WASHINGTON - A day after being told to park its cars, Uber urged its riders to contact Virginia state officials in support of the mobile-based car service.
In an email to users, Uber urges riders to tweet, email or call Gov. Terry McAuliffe, Attorney General Mark Herring or the Department of Motor Vehicles Commissioner Richard Holcomb to them that riders need the service and the state needs its business.
Uber argues its drivers and cars are safer than the typical taxi because it provides more insurance coverage than required under state taxi rules and that all drivers undergo a background check.
The company provided users with the emails, phone numbers and suggested Twitter language so its customers could share their support.
Thursday, the DMV ordered both Uber and Lyft to stop offering rides in Virginia, saying both had already been penalized for operating illegally.
The DMV urged riders to choose from registered, insured taxi and limo services and encouraged the companies to work on a study reviewing the state's existing transportation service laws.
Both Uber and Lyft say they will continue operating despite the cease and desist orders.
The Taxicab, Limousine & Paratransit Association, an industry trade group, called Uber "arrogant" for ignoring Virginia law.

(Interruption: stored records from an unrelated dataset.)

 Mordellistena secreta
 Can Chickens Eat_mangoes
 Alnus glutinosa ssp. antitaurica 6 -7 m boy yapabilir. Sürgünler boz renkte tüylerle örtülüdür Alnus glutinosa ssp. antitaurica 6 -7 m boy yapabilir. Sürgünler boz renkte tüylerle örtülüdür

"Until Uber puts in place full-time, primary commercial automobile liability insurance coverage on every one of its drivers' vehicles, and until they properly fingerprint and background check their drivers through police or FBI databases, they should not be allowed to transport the public," the association said in statement. "The only one keeping Uber out of Virginia is Uber itself, which refuses to comply with the laws governing transportation."